For example: if the Magyar tribes were assimilated by turkic tribes before arriving in the carpatian basin? Or if Bulgaria either had kept the old turkic Bulgarian language or developed a dialect during the dominions of the Ottomans, but still kept a separated national identity? This and other possibilities.
There's an immediate problem with Bulgarians, and essentially complex and super-complex chiefoms with a Turkic dominant componant in Balkans : they didn't as much replaced or integrated Slavic chiefdoms than they included them into their structure. A bit like Avars before them, this had the distinct result of having Slavic people adopting originally non-slavic indentities (Crovars, Croats, etc.) and in this case Bulgars. Christianization of Bulgaria with use of Old Slavonic was also pretty much, IMO, dooming Danubian Bulgar into irrelevance.
I think you'll need to either prevent some Turkic peoples to enter Balkans, or to have Turkic people with a distinct enough identity and structural basis for this entering in.
In the first case, a good choice would be Kumans/Kipchaks in the Pontic Steppe up to Danube : while they did included Vlach or Slavic ensemble, it seems it was less crushingly so than what happened in Balkans and the odds having without Mongols coming in, at least a distinct Kipchak-issued minority in the region comparable to Crimean Tatars, possibly more, are there.
Conversly, more Turkic peoples integrated within Mongol super-chiefdoms could end with more minorities as Nogai Turks (or these being more present).

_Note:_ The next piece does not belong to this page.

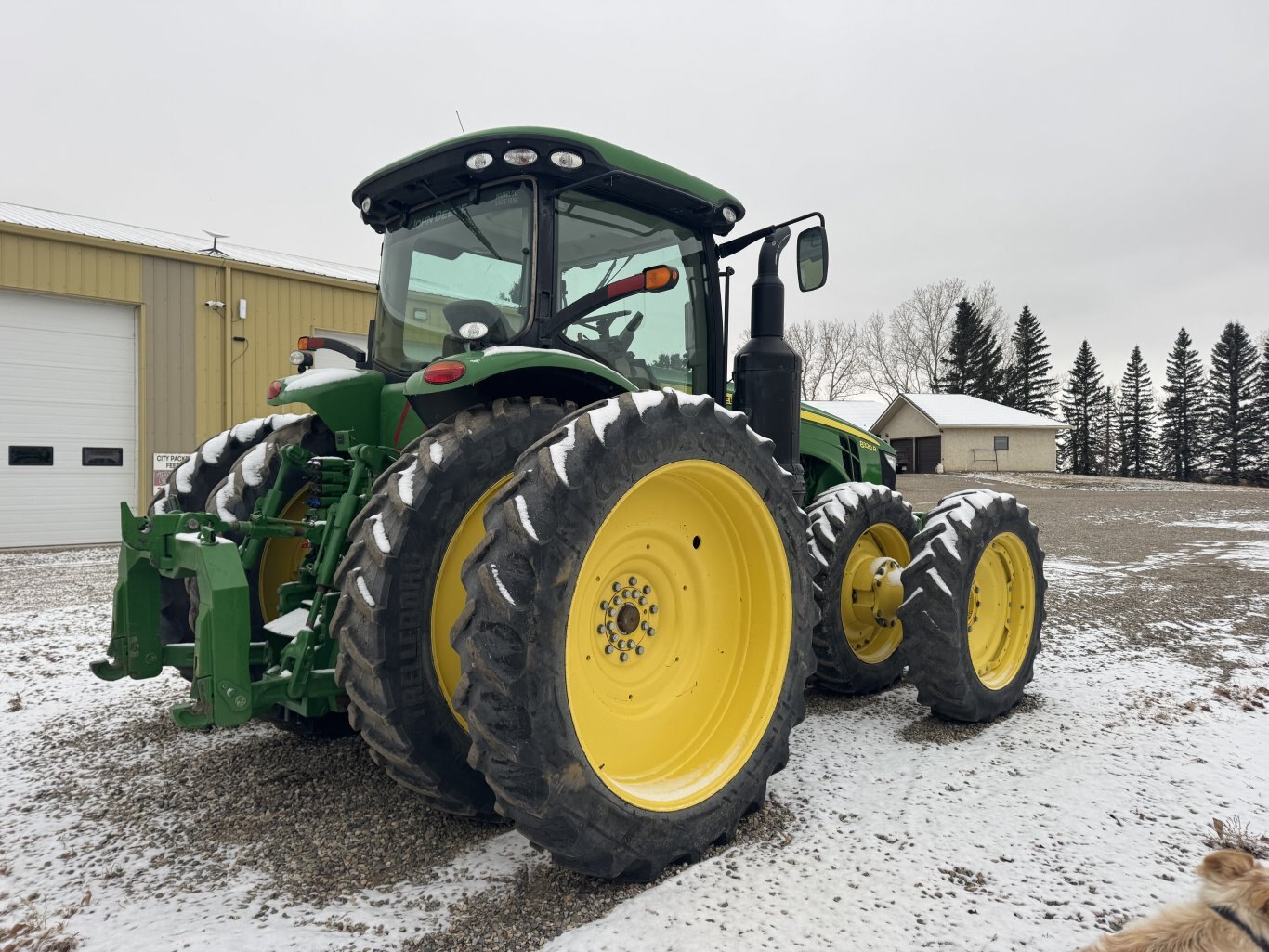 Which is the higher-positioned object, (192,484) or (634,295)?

On the other hand, Turkic settlement or acculturation in Balkans is fairly possible with Ottomans :
@Koprulu Mustafa Pasha already mentioned prime suspects with Gagauz, Crimean Tatars, Dobruja and Thrace : you could see other places but these are the "best" choices to reinforce and make like viable distinct ethnies (apart from Thrace, which I think is too close from the cores of Ottoman Anatolia to be really considered different IMO).